Segment Open
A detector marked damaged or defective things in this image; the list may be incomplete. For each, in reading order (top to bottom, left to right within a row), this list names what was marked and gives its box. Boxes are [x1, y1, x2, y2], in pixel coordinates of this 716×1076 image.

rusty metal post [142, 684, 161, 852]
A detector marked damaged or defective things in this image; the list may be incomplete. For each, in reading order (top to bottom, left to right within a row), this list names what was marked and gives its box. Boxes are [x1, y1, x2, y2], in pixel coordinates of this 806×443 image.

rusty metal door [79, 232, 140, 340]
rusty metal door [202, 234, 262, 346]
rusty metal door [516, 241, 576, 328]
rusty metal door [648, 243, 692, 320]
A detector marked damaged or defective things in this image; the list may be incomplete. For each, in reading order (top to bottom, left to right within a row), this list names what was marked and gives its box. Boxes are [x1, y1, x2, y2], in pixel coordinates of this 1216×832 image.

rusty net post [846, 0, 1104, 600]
Segment Closed
Only the lines from the one holding "this 1216×832 image." to the end of the entries above belong in the answer, each copied exactly.

A detector marked damaged or defective things in this image; the list may be incomplete. For each, in reading order (top to bottom, left to right within a row), this list names what was marked and gives its box. Boxes are [x1, y1, x2, y2], in pixel coordinates of this 1216×832 image.

rusty net post [846, 0, 1104, 600]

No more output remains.